MACP Control Plane — Architecture
System Context
The MACP Control Plane is a NestJS service that orchestrates multi-agent coordination sessions. It sits between UI clients and a runtime (currently Rust via gRPC), managing the lifecycle of coordination runs.
┌──────────┐ HTTP/SSE ┌─────────────────┐ gRPC ┌──────────────┐
│ UI Client├───────────────────►│ Control Plane ├────────────────►│ MACP Runtime │
│ │◄───────────────────┤ (NestJS) │◄────────────────┤ (Rust) │
└──────────┘ └────────┬─────────┘ └──────────────┘
│
▼
┌──────────────┐
│ PostgreSQL │
└──────────────┘Request Flow
POST /runs
→ RunsController
→ RunExecutorService.launch()
→ RunManagerService.createRun() [status: queued]
→ async execute():
→ markStarted() [status: starting]
→ provider.initialize() [gRPC]
→ provider.startSession() [gRPC]
→ bindSession() [status: binding_session]
→ send kickoff messages [gRPC]
→ markRunning() [status: running]
→ StreamConsumerService.start() [begins event loop]Event Pipeline
Runtime gRPC stream
→ StreamConsumerService (consumption loop + reconnection)
→ EventNormalizerService (raw → canonical)
→ RunEventService (sequence allocation + persistence)

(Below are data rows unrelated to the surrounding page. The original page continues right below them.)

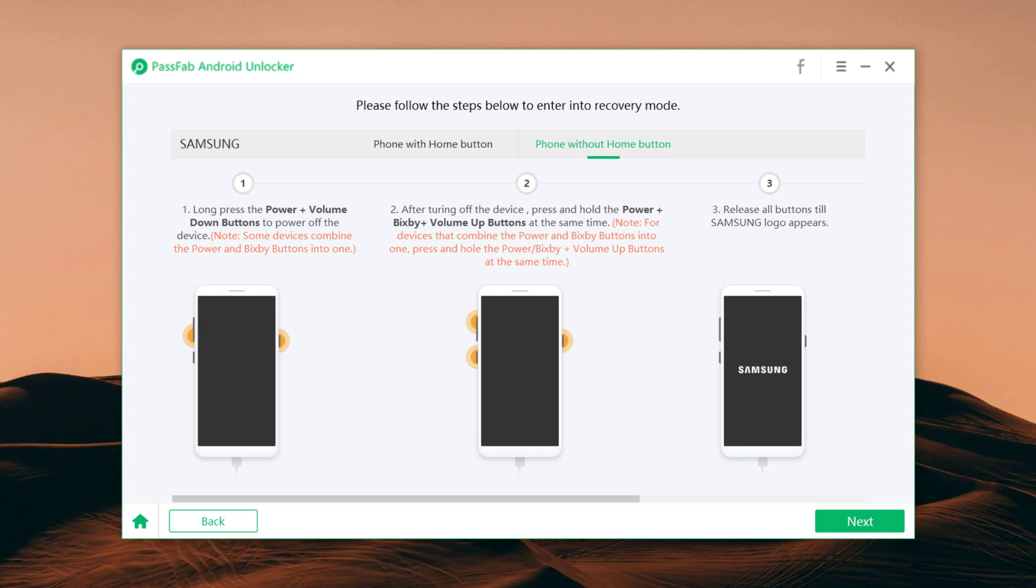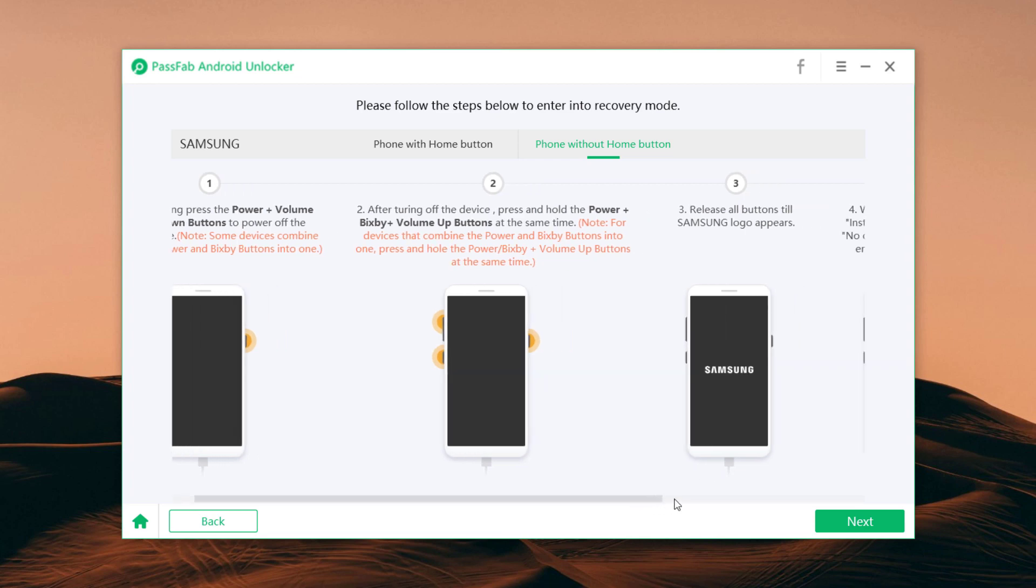Then reboot your Android phone into recovery mode by following the instructions on the screen. First of all, long press the power button plus volume down button to power off the device. Press and hold together power button, Bixby, and volume up. Release all buttons when logo appears. And you will see the interface of recovery mode.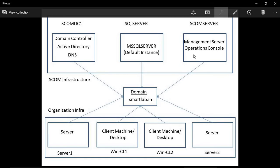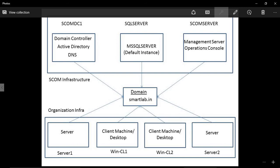The operations console provides a GUI to manage the management server. The web console lets you log in with a web browser, but it is not recommended for administration because it doesn't provide all the options of the operations console — it only has monitoring and reporting tabs. The fourth feature, reporting server, is used to generate reports using the historical database.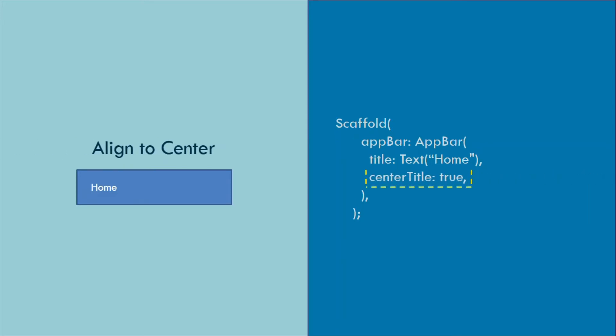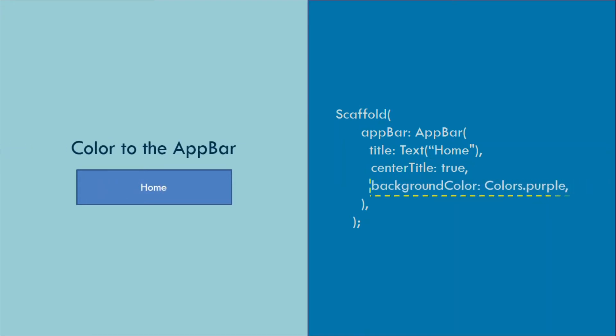Want to align it to center? Turn the center title property to true. You can also give a color to the app bar with the background color property.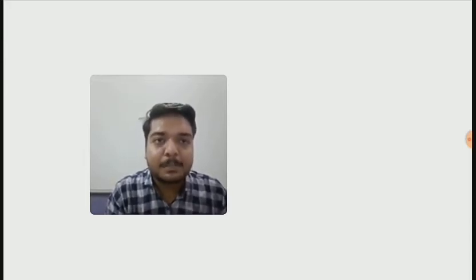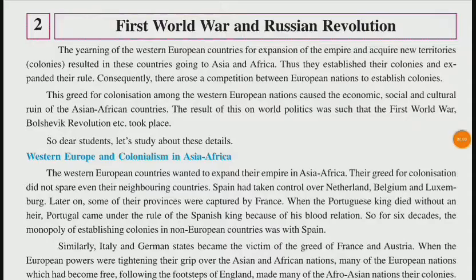You must remember all these points. From today's lecture we will start lesson number 2, which is about World War 1 and the Russian Revolution. So let's get started with lesson number 2: First World War and Russian Revolution.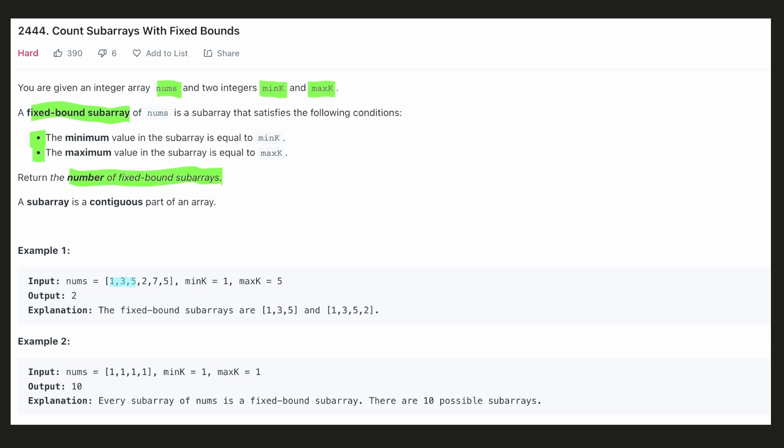If we consider another subarray, we can see that both 1 and 5 exist in it, but there is also a value 7 which is not permitted. Hence this cannot be counted.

→ EventRepository.appendRaw/appendCanonical
→ ProjectionService.applyAndPersist
→ MetricsService.recordEvents
→ StreamHubService.publishEvent (SSE → UI)Layer Map
| Layer | Directory | Responsibility |
|---|---|---|
| Controllers | src/controllers/ | HTTP endpoints — runs CRUD, runtime discovery, observability, health |
| Run Orchestration | src/runs/ | RunManager (state machine), RunExecutor (coordination), StreamConsumer (event loop) |
| Runtime Abstraction | src/runtime/ | RuntimeProvider interface, RustRuntimeProvider (gRPC), proto registry |
| Events | src/events/ | Normalization, persistence pipeline, SSE publishing |
| Projection | src/projection/ | Applies canonical events to build UI read models |
| Storage | src/storage/ | Drizzle repository per entity |
| DB | src/db/ | Drizzle client as @Global NestJS module |
| Contracts | src/contracts/ | TypeScript interfaces |
| DTOs | src/dto/ | Request/response validation |
| Errors | src/errors/ | Error codes, exception classes, global filter |
Run State Machine
queued → starting → binding_session → running → completed
│ │ │ │
└────┬────┘──────┬───────┘─────┬───────┘
▼ ▼ ▼
failed cancelledTerminal states: completed, failed, cancelled (no outgoing transitions).
Database Schema
7 tables: runs, runtime_sessions, run_events_raw, run_events_canonical, run_projections, run_artifacts, run_metrics.
Key relationships:
- All tables reference
runs.idwithON DELETE CASCADE - Events use
(run_id, seq)unique indexes for ordering - Projections use run_id as primary key (one projection per run)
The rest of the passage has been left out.